Kejari Kmpar Kembali Terapkan Keadilan Restoratif, 3 Tersangka ini Bebas dari Jeratan Hukum

BANGKINANG – Sesuai dengan Peraturan Jaksa Agung No.15 tahun 2020 tentang Penghentian Penuntutan Berdasarkan Keadilan Restoratif, Kejaksaan Negeri (Kejari) Kampar kembali melakukan Restorative Justice terhadap tiga orang tersangka penganiayaan, Senin (14/9/2020) di aula Kejari Kampar.

Kepala Kejaksaan Negeri Kampar Suhendri,SH.MH melalui Kasi Pidum Sabar Gunawan mengatan, kita telah memediasi dan melaksanakan penghentian penuntutan perkara ringan dari Polsek Tapung Hulu, dengan konsep Restorative Justice.
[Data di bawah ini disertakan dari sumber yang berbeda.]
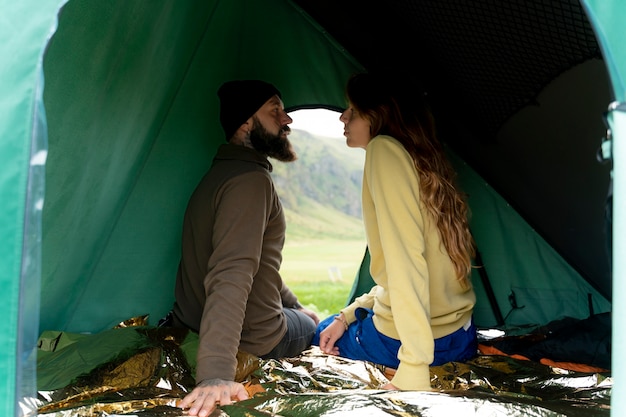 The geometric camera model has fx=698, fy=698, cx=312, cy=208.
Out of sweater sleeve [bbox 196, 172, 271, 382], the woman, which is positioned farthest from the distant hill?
sweater sleeve [bbox 196, 172, 271, 382]

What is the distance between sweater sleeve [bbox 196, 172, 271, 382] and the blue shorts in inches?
20.0

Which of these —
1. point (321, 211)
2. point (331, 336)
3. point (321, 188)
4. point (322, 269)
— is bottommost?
point (322, 269)

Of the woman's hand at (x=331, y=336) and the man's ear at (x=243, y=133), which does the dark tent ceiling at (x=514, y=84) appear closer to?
the man's ear at (x=243, y=133)

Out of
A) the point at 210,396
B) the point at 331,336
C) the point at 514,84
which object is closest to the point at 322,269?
the point at 514,84

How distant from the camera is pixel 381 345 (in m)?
2.15

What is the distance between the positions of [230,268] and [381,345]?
0.60 meters

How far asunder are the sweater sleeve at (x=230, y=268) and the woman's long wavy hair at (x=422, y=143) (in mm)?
395

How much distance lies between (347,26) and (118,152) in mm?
1128

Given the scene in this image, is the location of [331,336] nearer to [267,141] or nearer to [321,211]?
[267,141]

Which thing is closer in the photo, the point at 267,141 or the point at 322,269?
the point at 267,141

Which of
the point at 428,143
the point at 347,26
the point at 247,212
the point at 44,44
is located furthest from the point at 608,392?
the point at 347,26

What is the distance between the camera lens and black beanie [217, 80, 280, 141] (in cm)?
234

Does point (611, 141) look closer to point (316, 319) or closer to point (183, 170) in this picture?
point (316, 319)

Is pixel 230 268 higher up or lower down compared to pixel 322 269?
higher up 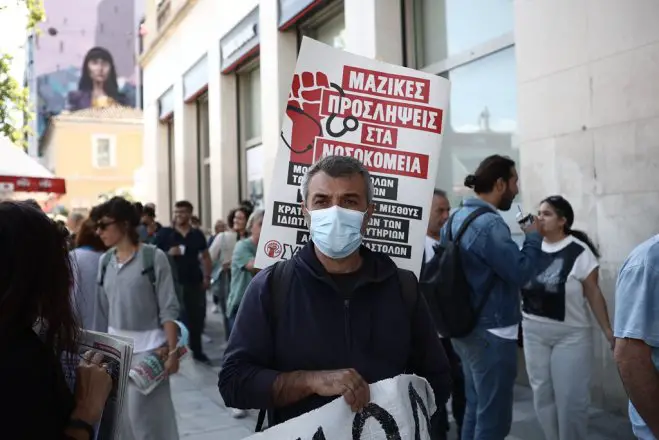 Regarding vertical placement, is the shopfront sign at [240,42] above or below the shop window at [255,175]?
above

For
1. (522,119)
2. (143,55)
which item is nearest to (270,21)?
(522,119)

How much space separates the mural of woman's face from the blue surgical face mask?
216ft

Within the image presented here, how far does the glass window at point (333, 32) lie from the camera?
10.1 metres

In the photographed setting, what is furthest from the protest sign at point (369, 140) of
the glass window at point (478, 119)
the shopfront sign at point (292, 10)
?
the shopfront sign at point (292, 10)

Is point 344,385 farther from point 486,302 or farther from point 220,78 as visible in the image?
point 220,78

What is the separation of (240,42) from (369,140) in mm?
10525

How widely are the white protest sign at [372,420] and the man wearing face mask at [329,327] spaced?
5 centimetres

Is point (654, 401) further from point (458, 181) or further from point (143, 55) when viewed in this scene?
point (143, 55)

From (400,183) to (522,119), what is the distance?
326 cm

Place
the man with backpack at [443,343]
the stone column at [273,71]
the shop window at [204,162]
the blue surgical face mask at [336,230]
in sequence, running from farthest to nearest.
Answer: the shop window at [204,162]
the stone column at [273,71]
the man with backpack at [443,343]
the blue surgical face mask at [336,230]

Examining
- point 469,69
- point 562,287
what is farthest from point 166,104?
point 562,287

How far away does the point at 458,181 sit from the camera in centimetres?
771

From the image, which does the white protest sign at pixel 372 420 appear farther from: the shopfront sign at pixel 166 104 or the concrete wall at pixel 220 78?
the shopfront sign at pixel 166 104

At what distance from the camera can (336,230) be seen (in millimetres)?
2156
Perkara tersebut adalah perkara penganiayaan ringan yang dilakukan oleh Suami, Istri dan anak, sedangkan yang menjadi korban adalah seorang wanita,” ujar Kepala Kejaksaan Negeri Kampar,”ujarnya.

‘Kita dari pihak Kejaksaan telah melakukan upaya mediasi perdamaian Restorative Justice atau menyelesaikan perkara sehingga diharapkan mampu tercapainya keadilan bagi kedua belah pihak tanpa harus berlanjut ke meja persidangan,” ujar Kasi Pidum, Sabar Gunawan yang didampingi oleh Jaksa Fungsional, Andi Situmorang.

B Simanjutak salah seorang tersangka yang bebas dari jeratan hukum ini merasa senang dan berterimakasih kepada semua pihak yang telah ikut andil dalam mediasi ini.

“Saya sangat senang dan berterima kasih pada semua pihak terutama Kejari Kampar yang telah melakukan mediasi hingga kami bertiga bebas dari jeratan hukum,”ucapnya.

Sementara itu Lisnawati (korban) menuturkan bahwa semuanya telah selesai dan sudah saya maafkan dari hati yang paling dalam dan terima kasih pada semua pihak yang telah ikut memediasikan perkara ini,”ungkapnya.